The tenth day of Muharram is known as Ashura. Better known as part of the Mourning of Muharram, Shi'a Muslims mourn the tragedy of Ḥusayn ibn Alī's family.

Shiites mourn the martyrdom of Ḥusayn by abstaining from joyous events. Instead, Shia Muslims hold many events to offer condolences to Imam Husayn and to honor the martyrs by prayer, reading supplications, and holding charity events. Shiʿi Muslims eat as little as possible on the Ashura; however, this is not seen as fasting. Alevis fast ten or twelve days, each day for one of the Twelve Imams of Shiʿa Islam, to commemorate and mourn the Imams, as if a very close relative has died. Some (excluding children, elderly or sick) do not eat or drink, avoid entertainment until zawal (afternoon) as a part of their mourning for Husayn. In addition, there is an important ziyarat book, the Ziyarat Ashura about Ḥusayn. In Shiʿism, it is popular to read this ziyarat on this date.

Muharram and Ashura
The word Muharram means forbidden or prohibited. Before Islam, it is said that this month was called as Safer ul Awwal.
The sighting of the new moon ushers in the Islamic New Year. The first month, Muharram, is one of the four sacred months mentioned in the Quran (although not mentioned by name), along with the seventh month of Rajab, and the eleventh and twelfth months of Dhu al-Qi'dah and Dhu al-Hijjah, respectively, immediately preceding Muharram. During these sacred months, warfare is forbidden. Before the advent of Islam, the Quraish and Arabs also forbade warfare during those months. Before Islam, the Arabs also fasted on the tenth day of Muharram. This day also had importance in other Semitic religions like Judaism and Christianity. Muhammad also fasted many times on this day before his prophethood and after his migration to Medina and also ordered the Muslims to fast on this day and ninth and eleventh day as well. But the fasting was optional after Ramadan fasting was made obiligatory. It is narrated by Abu Hurairah that the Prophet Muhammad said, "The most virtuous fasting after the month of Ramadan is (in) Allah's month Al-Muharram."

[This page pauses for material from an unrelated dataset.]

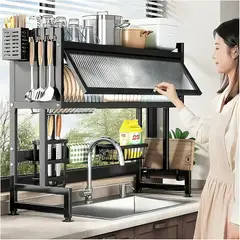 GENERICO - Escurrido De Platos 2 Niveles Con Tapa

Muharram and Ashura to the Muslims

Ashura, which literally means the "Tenth" in Arabic, refers to the tenth day of Muharram.

According to Sunni Muslims, fasting on Ashura, the tenth day of the Islamic month of Muharram was a practice established by Muhammad in the early days of Islam that commemorates the parting of the Red Sea by Moses.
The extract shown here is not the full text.